Gene Mutation Could Drive Us to Eat More Fat

Health In Focus   - G J E 4
  • People with a mutation in the gene Melanocortin-4 receptor (MCR4) tend to eat more fat, according to a study by researchers from The University of Cambridge.
  • The satiety signals are improperly processed for such individuals.
  • Three chicken curries that looked the same but with varying level of fat were given to the study participants. Participants with the mutation in the gene tended to eat more servings of the high-fat version of the curry.
Researchers from the University of Cambridge have been able to validate what obese people have been claiming for a long time now-that craving for fat is probably gene driven.
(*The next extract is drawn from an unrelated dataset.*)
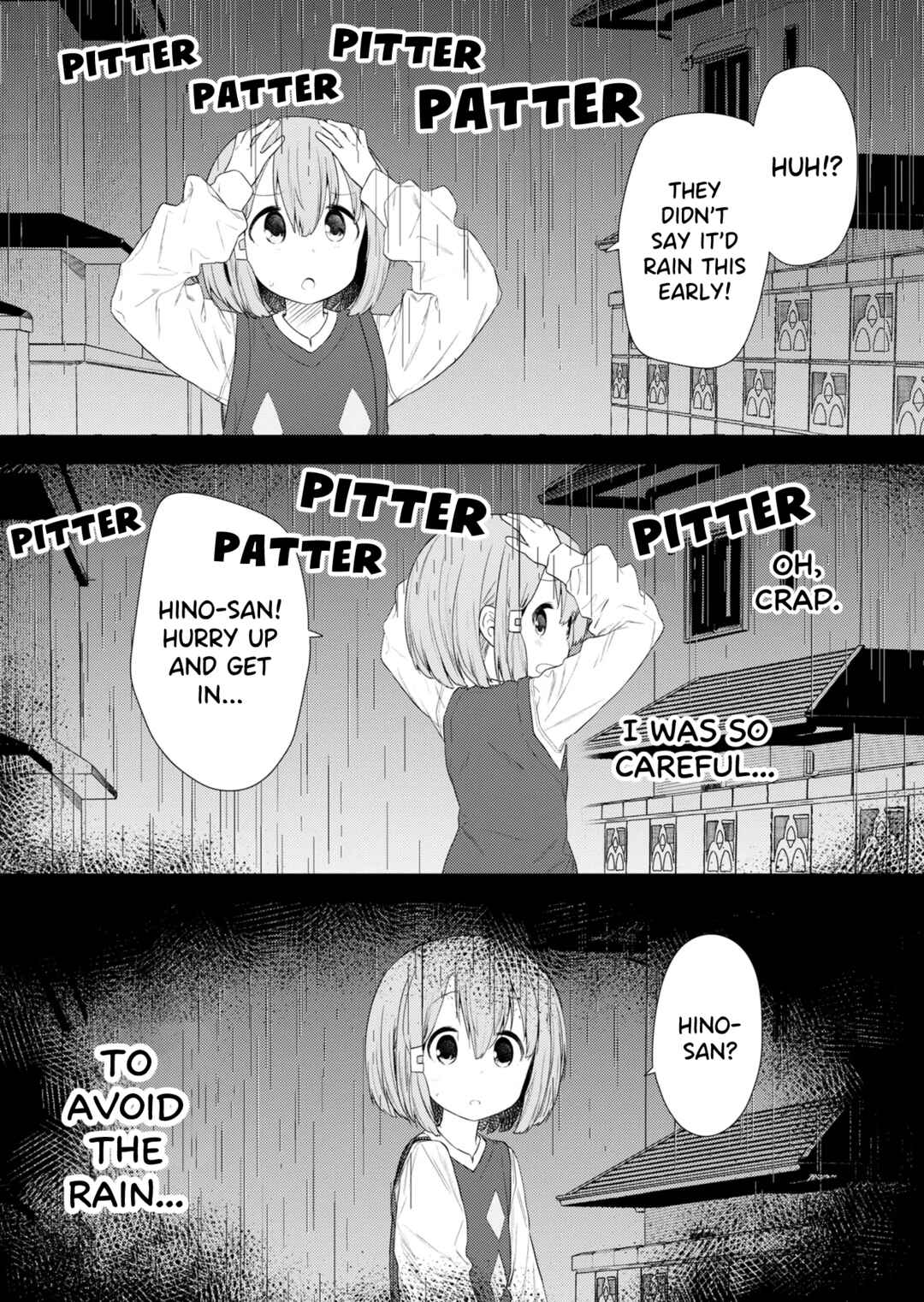 Hino-san no Baka Chapter 114 - Page 11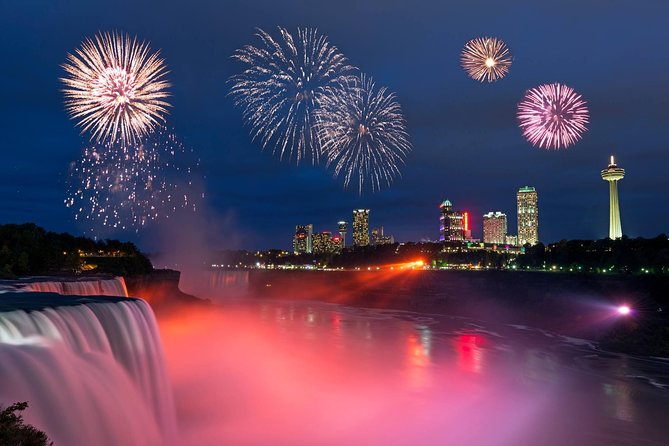 Niagara Falls Day and Evening Tour With Boat Cruise & Dinner (optional) - Why this Toronto tour appeals to first-time visitors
Sadaf Farooqi and colleagues found that people with a mutation in the gene melanocortin-4 receptor (MCR4) were more likely to eat high-fat food, even when the fat is hidden. It didn't just matter how good it looked but it also mattered how good it felt after it was eaten.
Gene Mutation Could Drive Us to Eat More Fat

People tend to eat till their body begins to signal that they are full, these satiety signals form the essence of portion control and, in most instances, weight gain. The MCR4 gene mutation is found to downregulate the satiety signals which could contribute to weight gain in individuals with the gene mutation. However, the study by these researchers found that apart from satiety signals, people with the mutation tend to crave fat more than people without the mutation.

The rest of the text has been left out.